0

I would like to create a custom lower / upper case function for wstrings.

Therefore I am using a map of integers.

Currently I am automatically creating a function from these maps:

(...)
else if (iCharCode==65)
{
    iRet=97;
}
else if (iCharCode==66)
{
    iRet=98;
}
else if (iCharCode==67)
{
    iRet=99;
}
else if (iCharCode==68)
{
    iRet=100;
}
else if (iCharCode==69)
{
    iRet=101;
}
else if (iCharCode==70)
{
    iRet=102;
}
else if (iCharCode==42818)
{
    iRet=42819;
}
(...)

However, the function is going to be pretty large if I turn my map into a if-statement like this.

I would therefore like a use a real map instead, but I don't want to load it at runtime. I would prefer having a static map, but I am not sure how to do that.
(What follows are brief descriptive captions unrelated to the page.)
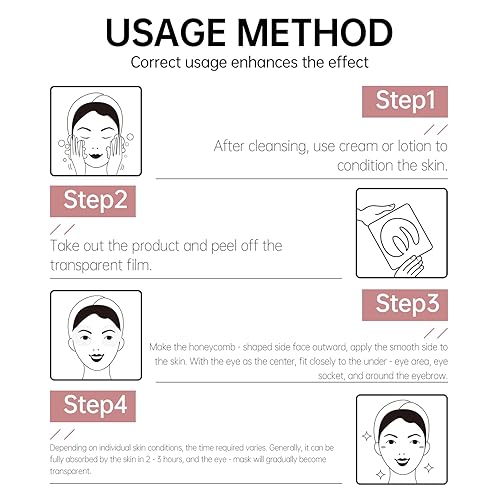 Miniatura 9 de Novoy 15 Pares de Parches de Ojos Profundos de Bio-Colágeno Real - Parches de Ojos de Retinol 6-en-1 para la Noche para Ojeras, Hinchazón y Arrugas
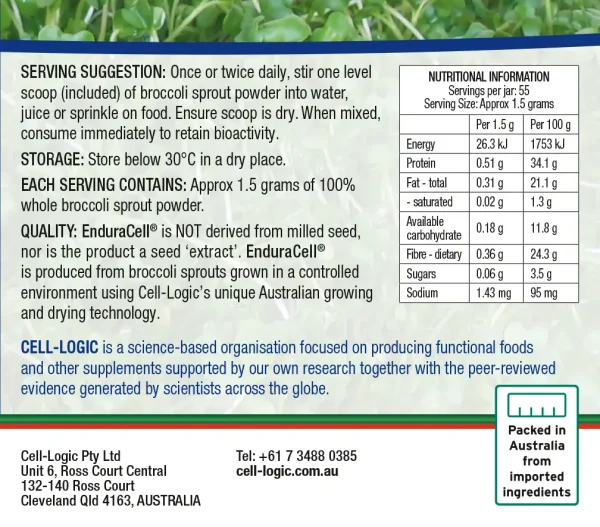 EnduraCell® 80g Broccoli Sprout Powder - Image 4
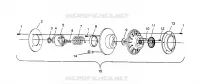 accionado de embrague CLASSIC TOURING 0963365 and EUROPEAN CLASSIC TOURING E963365 (4933623362C002)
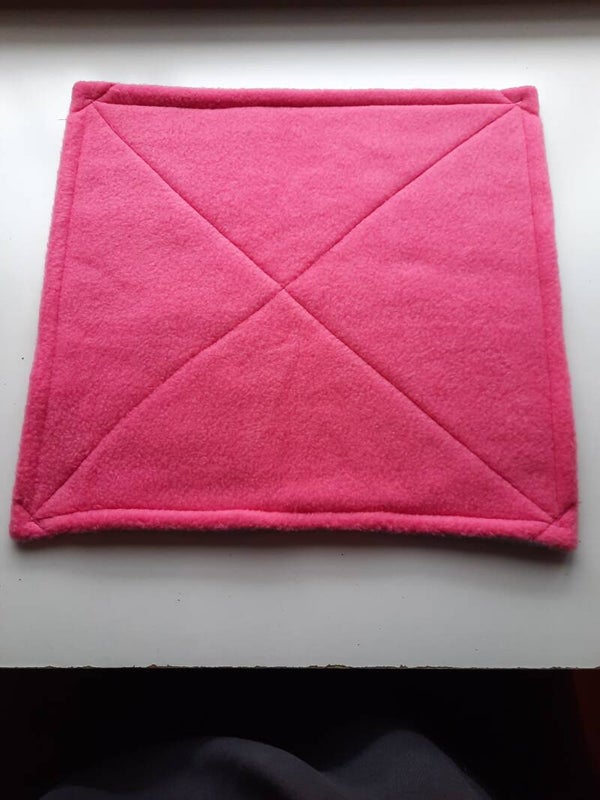 VS Roze/ grijze fleece vierkante hangmat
Can somebody share his thoughts?

tmighty
  • 10,734
  • 21
  • 104
  • 218
  • That was just a coincidence. Most of the times it is not +32. – tmighty Nov 19 '13 at 17:50
  • You may want to take a look at this question: http://stackoverflow.com/questions/11491/string-to-lower-upper-in-c – Dweeberly Nov 19 '13 at 17:53
  • @Dweeberly Not working for non-ASCII chars, therefore I am doing my own function. – tmighty Nov 19 '13 at 17:55
  • @Jimmy Can you delete your comment? You got so many upvotes that it is misleading. – tmighty Nov 19 '13 at 17:56
  • 1
    A `std::map` would use far too much memory. One approach is to create an array for the easy values, for example, an array of 256 `int` case-mapped values for the first 256 values, and a function for the rest. In general, a function can be much more compact than the code here; for example, `if(65 <= iCharCode && iCharCode < 71) iRet = iCharCode + 32; else ...`. – Pete Becker Nov 19 '13 at 18:05
  • ok - i'll delete it (not often I have to delete something because it gets so many upvotes ;-) have you considered using a unicode library http://userguide.icu-project.org/transforms/casemappings – Jimmy Nov 19 '13 at 18:40
  • The link I posted contained info on unicode conversions. Are you trying to do codepage conversions? Transcoding is hard and it's generally saver to find a well tested library – Dweeberly Nov 19 '13 at 19:01

2 Answers2

2

Maybe the following code can help:

#include<iostream>
#include<map>

std::map<int, int> code_map = {
  {65, 97},
  {66, 98},
  {67, 99},
  {68, 100},
  {69, 101},
  {70, 102},  
};


int main() {
  for(const auto & pair : code_map) {
    std::cout<<pair.first<<" maps to "<<pair.second<<std::endl;
  }
  return 0;
}

Compiling with g++ example.cpp -std=c++11 -Wall -Wextra (OS X 10.7.4 GCC 4.8.1) yields:

$ ./a.out 
65 maps to 97
66 maps to 98
67 maps to 99
68 maps to 100
69 maps to 101
70 maps to 102
Escualo
  • 40,844
  • 23
  • 87
  • 135
  • But I think the map is created anew each time I initiate code_map, right? – tmighty Nov 19 '13 at 17:58
  • `code_map` is only constructed once -- when the program is started. – Sam Cristall Nov 19 '13 at 18:11
  • I am getting the error "Initialization using {...} is not valid for type map". – tmighty Nov 19 '13 at 18:14
  • @tmighty: That style of initialisation is only valid in C++11. If you're stuck in the past, you'll need to write a function to initialise it, or use something like Boost.Assignment. Alternatively, use a sorted array of `pair` rather than a map, with a binary search for lookup. That's perhaps more efficient, and can be initialised statically. – Mike Seymour Nov 19 '13 at 18:17
  • @MikeSeymour I have updated from VS2010 to VS2012 now, but the IDE tells me the same error. – tmighty Nov 19 '13 at 20:16
  • The exact error is: IntelliSense: Initialization with "{...}" invalid for object of type ""std::map, std::allocator>>"" – tmighty Nov 19 '13 at 21:09
0

You could implement the map as a sorted array of pairs. This can be initialised statically. Look up a value using a binary search, e.g. std::lower_bound with a comparator comparing the first element of each pair.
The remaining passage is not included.